Bryan Turner is a Canadian–American entertainment executive and entrepreneur. He is perhaps best known for being the founder of Priority Records in 1985, which was “the country’s largest independent label in the mid-90s” according to the New York Times. Turner was CEO and sold a portion of the business to EMI in 1996 and the remainder in 1998.

Turner has worked with a multitude of artists, including N.W.A, Dr. Dre, Ice Cube, Snoop Dogg, and Mack 10. He has also been involved in the production of numerous films, including Friday (1995) and Next Day Air.

==Career==
Turner moved to Los Angeles in 1980, beginning his career in the music industry at Capitol Records. He worked in special markets for one year, shortly followed by a five-year run at K-Tel International. At K-Tel, he specialized in curating compilation albums and negotiating licensing rights with labels for artists such as UTFO, Whodini, Run-DMC, and the Fat Boys.

===Priority Records===
After six years working at major labels, Turner founded Priority Records in 1985 and partnered with Mark Cerami. As the CEO of Priority, he was instrumental in the label's early signings. Priority's first album, which ultimately achieved gold status, was a collection entitled “Kings of Rap” in 1985. In 1986, the California Raisins were signed to Priority and sold over two million copies, achieving double platinum status.

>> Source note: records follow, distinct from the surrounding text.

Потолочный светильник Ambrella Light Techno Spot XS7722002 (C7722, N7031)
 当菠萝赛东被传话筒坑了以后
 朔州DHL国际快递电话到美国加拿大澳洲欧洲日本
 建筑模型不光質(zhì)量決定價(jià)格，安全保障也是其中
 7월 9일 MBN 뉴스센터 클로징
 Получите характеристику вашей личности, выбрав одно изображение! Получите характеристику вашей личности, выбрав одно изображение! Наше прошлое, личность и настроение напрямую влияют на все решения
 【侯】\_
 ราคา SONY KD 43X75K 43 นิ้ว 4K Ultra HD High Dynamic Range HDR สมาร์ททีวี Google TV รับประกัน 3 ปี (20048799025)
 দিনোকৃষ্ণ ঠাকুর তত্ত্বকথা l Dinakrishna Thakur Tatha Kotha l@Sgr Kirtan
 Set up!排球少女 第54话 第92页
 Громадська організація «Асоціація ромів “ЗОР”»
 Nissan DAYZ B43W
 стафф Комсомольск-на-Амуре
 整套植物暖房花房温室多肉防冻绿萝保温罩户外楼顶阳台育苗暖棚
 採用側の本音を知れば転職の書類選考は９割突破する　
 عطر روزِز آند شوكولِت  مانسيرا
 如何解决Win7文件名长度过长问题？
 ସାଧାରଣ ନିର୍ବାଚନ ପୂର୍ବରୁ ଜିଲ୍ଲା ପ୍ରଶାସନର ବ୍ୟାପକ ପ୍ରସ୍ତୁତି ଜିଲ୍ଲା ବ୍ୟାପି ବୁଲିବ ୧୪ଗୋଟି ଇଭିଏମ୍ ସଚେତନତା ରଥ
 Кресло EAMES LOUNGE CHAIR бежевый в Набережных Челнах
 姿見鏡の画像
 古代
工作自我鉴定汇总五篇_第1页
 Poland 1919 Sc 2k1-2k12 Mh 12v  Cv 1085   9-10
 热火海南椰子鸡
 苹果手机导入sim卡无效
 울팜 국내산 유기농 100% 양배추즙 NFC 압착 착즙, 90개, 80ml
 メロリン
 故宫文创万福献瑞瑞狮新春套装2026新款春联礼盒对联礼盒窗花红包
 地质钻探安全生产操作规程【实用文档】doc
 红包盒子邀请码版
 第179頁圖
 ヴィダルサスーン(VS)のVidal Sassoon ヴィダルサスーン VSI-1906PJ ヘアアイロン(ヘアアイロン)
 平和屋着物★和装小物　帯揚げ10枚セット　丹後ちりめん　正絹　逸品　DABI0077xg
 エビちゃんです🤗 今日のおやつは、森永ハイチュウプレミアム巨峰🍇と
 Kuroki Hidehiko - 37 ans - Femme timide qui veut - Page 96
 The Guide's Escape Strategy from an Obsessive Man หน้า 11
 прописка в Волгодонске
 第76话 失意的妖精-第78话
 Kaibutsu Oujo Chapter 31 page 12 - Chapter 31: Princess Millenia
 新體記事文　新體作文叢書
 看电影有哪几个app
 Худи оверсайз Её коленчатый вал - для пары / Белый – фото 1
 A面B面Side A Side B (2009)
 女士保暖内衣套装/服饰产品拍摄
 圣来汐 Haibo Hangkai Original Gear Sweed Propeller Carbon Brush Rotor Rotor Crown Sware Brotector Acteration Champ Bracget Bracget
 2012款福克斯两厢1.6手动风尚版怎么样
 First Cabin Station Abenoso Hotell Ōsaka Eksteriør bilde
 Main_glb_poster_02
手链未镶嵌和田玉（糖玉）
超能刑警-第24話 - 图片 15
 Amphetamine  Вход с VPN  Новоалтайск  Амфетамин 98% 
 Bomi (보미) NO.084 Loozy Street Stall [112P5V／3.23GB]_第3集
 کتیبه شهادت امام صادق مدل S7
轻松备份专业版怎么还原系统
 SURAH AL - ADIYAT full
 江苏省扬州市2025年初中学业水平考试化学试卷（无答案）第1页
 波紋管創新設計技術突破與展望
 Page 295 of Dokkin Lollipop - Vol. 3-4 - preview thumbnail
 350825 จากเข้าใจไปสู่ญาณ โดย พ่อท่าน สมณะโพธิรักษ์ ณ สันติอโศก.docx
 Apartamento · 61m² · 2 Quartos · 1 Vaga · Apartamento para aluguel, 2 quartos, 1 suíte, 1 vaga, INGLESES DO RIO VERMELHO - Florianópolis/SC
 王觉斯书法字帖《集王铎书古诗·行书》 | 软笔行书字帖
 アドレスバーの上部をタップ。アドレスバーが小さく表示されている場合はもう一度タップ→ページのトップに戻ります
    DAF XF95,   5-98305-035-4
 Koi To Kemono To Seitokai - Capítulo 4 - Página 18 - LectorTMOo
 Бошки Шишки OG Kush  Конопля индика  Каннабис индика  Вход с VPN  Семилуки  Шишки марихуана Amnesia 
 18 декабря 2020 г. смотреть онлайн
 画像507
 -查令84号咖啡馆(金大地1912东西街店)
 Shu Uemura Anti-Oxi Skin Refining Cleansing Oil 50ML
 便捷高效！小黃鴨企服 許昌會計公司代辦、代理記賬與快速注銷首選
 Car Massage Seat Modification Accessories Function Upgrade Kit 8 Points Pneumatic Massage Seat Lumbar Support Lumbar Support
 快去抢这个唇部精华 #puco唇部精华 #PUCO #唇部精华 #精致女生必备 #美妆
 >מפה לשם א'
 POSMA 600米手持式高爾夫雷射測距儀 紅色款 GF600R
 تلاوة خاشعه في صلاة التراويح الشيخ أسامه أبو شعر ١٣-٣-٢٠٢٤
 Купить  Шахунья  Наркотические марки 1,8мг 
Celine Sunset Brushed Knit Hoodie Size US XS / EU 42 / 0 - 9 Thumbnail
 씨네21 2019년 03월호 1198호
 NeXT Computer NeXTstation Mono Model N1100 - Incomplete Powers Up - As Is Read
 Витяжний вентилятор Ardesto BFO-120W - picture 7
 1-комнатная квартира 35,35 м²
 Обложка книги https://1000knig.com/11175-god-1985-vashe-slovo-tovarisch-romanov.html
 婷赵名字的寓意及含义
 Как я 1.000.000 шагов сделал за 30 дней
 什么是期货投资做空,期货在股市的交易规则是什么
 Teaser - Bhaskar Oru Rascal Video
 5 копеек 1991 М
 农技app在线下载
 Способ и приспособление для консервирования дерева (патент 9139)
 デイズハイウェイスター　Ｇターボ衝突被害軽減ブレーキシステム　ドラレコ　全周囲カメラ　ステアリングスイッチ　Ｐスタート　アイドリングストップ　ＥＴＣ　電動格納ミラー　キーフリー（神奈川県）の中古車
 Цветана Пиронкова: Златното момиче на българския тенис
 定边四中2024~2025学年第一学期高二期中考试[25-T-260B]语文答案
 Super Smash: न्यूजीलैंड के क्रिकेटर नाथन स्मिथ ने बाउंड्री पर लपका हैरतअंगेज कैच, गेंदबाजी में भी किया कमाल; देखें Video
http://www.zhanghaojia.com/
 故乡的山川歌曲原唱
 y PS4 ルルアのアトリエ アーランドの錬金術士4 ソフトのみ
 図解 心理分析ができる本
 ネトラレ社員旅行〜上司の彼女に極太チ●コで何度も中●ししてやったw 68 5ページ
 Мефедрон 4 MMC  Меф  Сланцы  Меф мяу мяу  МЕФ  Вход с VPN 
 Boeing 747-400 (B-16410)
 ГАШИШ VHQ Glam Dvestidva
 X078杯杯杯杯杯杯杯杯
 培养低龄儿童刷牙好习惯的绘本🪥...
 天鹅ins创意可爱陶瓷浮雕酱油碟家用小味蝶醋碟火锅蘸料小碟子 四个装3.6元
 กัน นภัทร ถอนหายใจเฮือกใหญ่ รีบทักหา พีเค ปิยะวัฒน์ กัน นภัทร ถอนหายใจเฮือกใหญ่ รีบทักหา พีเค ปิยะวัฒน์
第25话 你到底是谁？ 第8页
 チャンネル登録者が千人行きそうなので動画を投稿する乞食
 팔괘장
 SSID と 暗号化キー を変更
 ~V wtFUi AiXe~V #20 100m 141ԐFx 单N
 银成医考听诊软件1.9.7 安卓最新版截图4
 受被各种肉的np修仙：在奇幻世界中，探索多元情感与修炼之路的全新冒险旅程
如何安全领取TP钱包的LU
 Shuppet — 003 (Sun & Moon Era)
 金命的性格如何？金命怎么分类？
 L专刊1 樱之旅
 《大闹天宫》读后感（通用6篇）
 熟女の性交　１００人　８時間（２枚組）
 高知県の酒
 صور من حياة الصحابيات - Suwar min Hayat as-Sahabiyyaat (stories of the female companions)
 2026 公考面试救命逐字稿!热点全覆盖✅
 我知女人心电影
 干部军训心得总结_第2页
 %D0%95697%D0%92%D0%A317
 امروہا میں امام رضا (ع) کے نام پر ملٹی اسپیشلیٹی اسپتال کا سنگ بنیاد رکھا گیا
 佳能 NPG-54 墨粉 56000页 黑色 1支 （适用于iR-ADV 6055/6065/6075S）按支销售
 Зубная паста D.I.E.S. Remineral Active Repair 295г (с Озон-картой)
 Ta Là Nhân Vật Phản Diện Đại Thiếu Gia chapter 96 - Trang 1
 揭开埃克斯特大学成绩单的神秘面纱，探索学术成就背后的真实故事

In 1988, Priority released the debut studio album for hip-hop group N.W.A, who "billed itself as the World’s Most Dangerous Group” according to LA Times and USA Today. The album was called “Straight Outta Compton” and was made for $10,000. The group “caused a seismic shift in hip-hop when they formed N.W.A in 1986,” according to the LA Times, and “spoke the truth about life on the streets of Compton.”. While Eazy-E was working on his 2nd album, Turner received a tape copy of the album and said publicly that it was one of the best albums he had ever heard. Turner left Priority in 2002, after completing the label's sale to EMI a few years prior.

===Film===
Turner has been involved in the creation of several films. He was an executive producer for the 1995 Friday, which starred former N.W.A member Ice Cube. Additionally, Turner was an executive producer for the 1998 I Got the Hook-Up, starring Master P, Anthony Johnson, and Gretchen Palmer.

===Melee Entertainment===
In 2003, Turner launched Melee Entertainment, a diverse entertainment venture in partnership with DreamWorks Records. Melee was responsible for the DVD release of “Entertainer’s Basketball Classic at Rucker Park” in 2003. Under Melee, Turner was a co-executive producer for the 2003 documentary “Ultimate Gretzky,” starring Wayne Gretzky, as well as “Riding in Vans with Boys,” starring members of the rock band Blink 182.

In 2004, Melee was an associate producer on the dance film You Got Served, starring the best-selling group B2K, which grossed $40 million through its theatrical release. In 2009, Melee released the film “Next Day Air,” starring Mos Def, Mike Epps, Donald Faison, and Wood Harris. In 2012, Melee released the film “The Under Shepherd,” with director Russ Parr and Academy Award-winning actor Louis Gossett Jr., Isaiah Washington, Lamman Rucker, Bill Cobbs, and Elise Neal. In 2017, Melee produced the horror film “The Gracefield Incident.”